Dave Andrews is Senior Representative for Food & Water Watch. Dave is a member of the Congregation of Holy Cross, an international Catholic religious order of men. Dave has 40 years of work on sustainable development, food and water issues, and public policy both nationally and internationally. He was the Executive Director of the National Catholic Rural Life Conference for 13 years. He has served on many Boards of Directors including the Organization for Competitive Markets, Heifer International, the Community Food Security Coalition, the Sustainable Agriculture Coalition, the National Campaign for Sustainable Agriculture. He has attended the last three World Trade Organization meetings, World Food Summits and the World Summit on Sustainable Development in Johannesburg, South Africa. Dave’s outreach work for Food & Water Watch includes working with the faith community. Dave was a Senior Advisor to the President of the 63rd General Assembly of the United Nations under the presidency of Miguel D’Escoto. He was reconized by the Rural Sociological Society for Distinguished Service to Rural Life in 2012. He serves on the coordinating committee of the Civil Society Mechanism of the Committee on World Food Security at the FAO. Dave has a law degree from Loyola New Orleans School of Law.

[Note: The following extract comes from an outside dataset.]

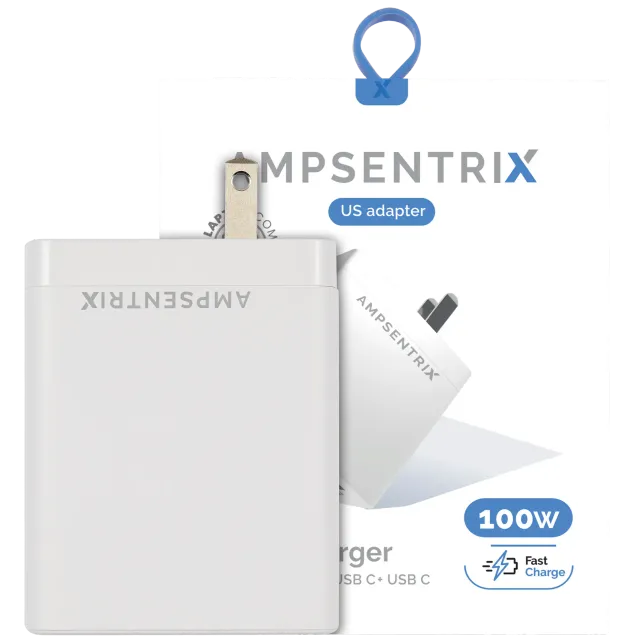 AmpSentrix 100W 4-Port (USB-C + USB-A)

The Rev. Michael Livingston, National Policy Director for Interfaith Worker Justice

Michael Livingston is the Washington Office and National Public Policy Director for Interfaith Worker Justice.  Livingston is the former Director of the Poverty Initiative of the National Council of Churches and former Executive Director of the International Council of Community Churches. He began ordained ministry as a pastor of Presbyterian churches first in Los Angeles and then in New York City where he was active in community redevelopment and church based multi-racial and interfaith organizing. Rev. Livingston served as President of the National Council of Churches, 2006-2007.  He has led or participated in ecumenical and interfaith delegations to Paris, advocating for peace prior to the Iraq War, to Beirut following the bombing in 2006, and Vietnam in 2010, to study and report on the continuing devastating effects of Agent Orange.  In Nov. 2010, Rev. Livingston met with President Obama as a member of a delegation of heads of member denominations of the NCC for the 100th anniversary of the ecumenical movement to discuss a variety of social justice issues, and again in the summer of 2011 with mainstream, evangelical, and Roman Catholic religious leaders in response to the continuing budget crisis prior to the passage of the Budget Control Act. He was arrested that summer with eleven other clergy and religious leaders protesting the inactivity of the congress and threats to federal programs that support the most vulnerable people in our nation and world. In March of 2012 he fasted for six days in solidarity with farmworkers from the Coalition of Immokalee Workers in Lakeland, FL. For fourteen years, Rev. Livingston edited “Liberation and Unity: A Guide for Mediation and Action, jointly published by the Consultation on Church Union (now Churches Uniting in Christ) and the three historic African American Methodist churches:  AME, AMEZ, and CME.  He has been interviewed and made guest appearances on a variety of radio and television programs as an advocate for social and economic justice for people living in poverty.  Rev. Livingston is a graduate of the University of California at Los Angeles and received his Master of Divinity and Master of Theology degrees from Princeton Theological Seminary.